先に紹介した危険因子1は、残念ながら変えようがありません。
しかし、これ以外の危険因子には、努力すれば少なく出来るものもあります。
これらを一つでも少なくしていくことが、予防につながります。
- 高血圧
高血圧が続くと常に血管に大きな圧力がかかり、血管壁が傷つき動脈硬化から脳梗塞を引き起こすことがあります。また、血管に動脈瘤を作り出し、脳出血を引き起こすこともあります。
生活改善のポイントとして、
肥満であればダイエットする。塩分を減らす。禁煙。お酒はほどほどに。運動を心がける。などがあります。
- 糖尿病
高血糖状態が続くと動脈硬化が促進され、脳内の細い血管まで動脈硬化が進み、脳梗塞を起こしやすくなります。
血糖値を下げるには、食事と運動がポイントです。
- 脂質異常症
脂質異常症とは、体内のコレステロールや中性脂肪が多くなる病気です。総コレステロール値が高いタイプや、LDLコレステロール値が高いタイプなどいくつか種類がありますが、なかでも動脈硬化の重大な危険因子は高LDLコレステロール血症です。
食事の改善や有酸素運動で、改善できます。
- 不整脈
心原性脳塞栓症の最大の原因は、心房細胞という不整脈です。通常心房細胞は、高血圧、冠動脈の動脈硬化、心筋症によって起こりやすくなりますが、健康な人でもタバコを吸い過ぎたり、お酒やコーヒーを飲みすぎたり、疲労したときなどに発作が起きることが有るので、注意が必要です。
- 肥満
肥満度、BMIと体脂肪率を基準に判断されています。
BMIでは、22が理想体重で、25を超えると肥満とされます。
体脂肪率は、体重の中で脂肪が占める割合のことで、男性は25%以上、女性は30%以上だと肥満とされています。

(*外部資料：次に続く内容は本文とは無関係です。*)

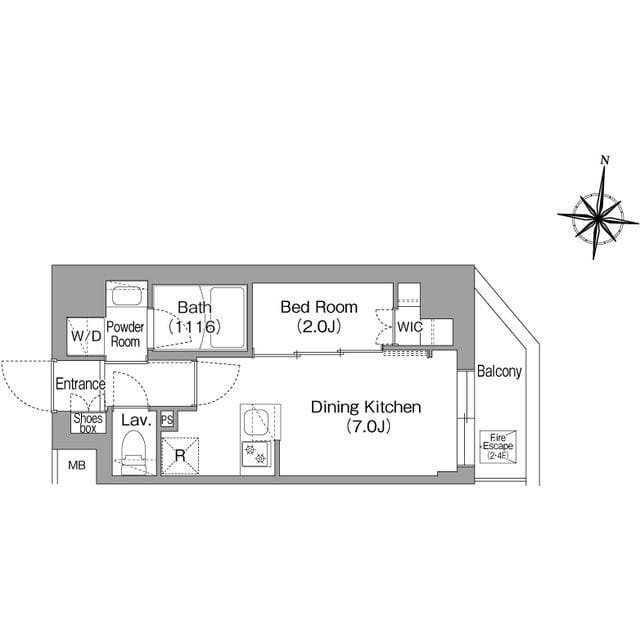 コンフォリア・リヴ大崎 307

肥満のかたの場合、体の隅々に酸素や栄養を届けるのに大量の血液が必要になるため、血圧が高くなります。また、コレステロール値も高くなりがちのため、放置したままでいると動脈硬化が促進され、さらに血圧が上昇します。
ウォーキングなどの適度な有酸素運動を心がけるようにしましょう。
- たばこ
吸わない人に比べて2〜2.5倍も危険性が高いといわれています。たばこを吸うことで、ニコチンやタール、一酸化炭素が体内に入り、全身の血管が収縮して血圧が上がり、さらに脳の虚血を招くこともあります。

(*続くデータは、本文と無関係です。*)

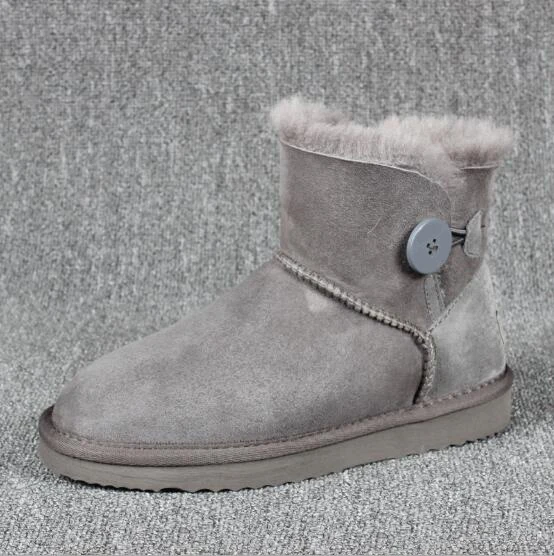

Top Quality Ugs Australia Women Snow Boots 100% Sheep Fur Waterproof Winter Warm Wool Outdoor Boots Brand Ivg Unisex Size US3-14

また、喫煙により悪玉のLDLコレステロールが増え、動脈硬化を促進します。周囲にいる人にまで悪影響を及ぼすので、一刻も早く喫煙習慣とお別れしましょう。
- お酒
お酒は、適量を守った場合には、血管の循環を促し、身体をリラックスさせたり、食欲を促したりなどの良い作用が認められています。適量を超えて、飲みすぎてしまうと、肥満、動脈硬化、高血圧、糖尿病などの原因になり、脳血管疾患の危険性が高まります。
- 食事
脳の血管を守るために必要な食生活のポイント
減塩・減脂肪・エネルギーコントロール・栄養バランス・食物繊維などです。
また、適度な運動や、ストレスを溜め込まないことが、生活習慣病の予防に繋がります。